Corruption in rationing electricity: Minister vows action against perpetratorsEnergy Minister Barsha Man Pun has said the government would investigate the policy-level corruption in rationing electricity in the past and take action against the guilty.
Energy Minister Barsha Man Pun has said the government would investigate the policy-level corruption in rationing electricity in the past and take action against the guilty. At a press meet in Kathmandu on Sunday, Pun said he had received information about some serious cases of corruption. “Despite erratic power supply in the past, some big industries were supplied power while keeping people in the dark, literally,” said Minister Pun. “The guilty should be brought to justice so that such activities do not repeat in the future.”

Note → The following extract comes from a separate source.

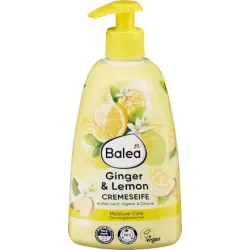 Săpun cremă Ghimbir și Lămâie, 500 ml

Nepal Electricity Authority has said there is no power outage in any part of the country at the moment. Former energy minister Janardan Sharma and NEA Managing Director Kulman Ghising had worked together to end power cuts in Kathmandu Valley from the day of Laxmi Puja, the festival of lights, in 2016. Gradually, the entire country got regular power supply.
While people faced power cuts up to 17 hours daily in the past, some big industries enjoyed uninterrupted supply.
An investigative report by the Centre for Investigative Journalism, Nepal, has blown the lid off the decade-long rationing of power. According to the report, the NEA supplied four to six megawatt power round-the-clock to the Hetauda-based Shivam Cement factory while the general public reeled under power cuts up to 14 hours a day during the winter of 2013. The report states that around three dozen industries had access to dedicated feeders while people’s households received no electricity.
Despite an increase in power import from India and the growth in domestic output, the NEA still faces a power crisis. Pun attributed addition of more power to the grid and supply management for the end to load-shedding.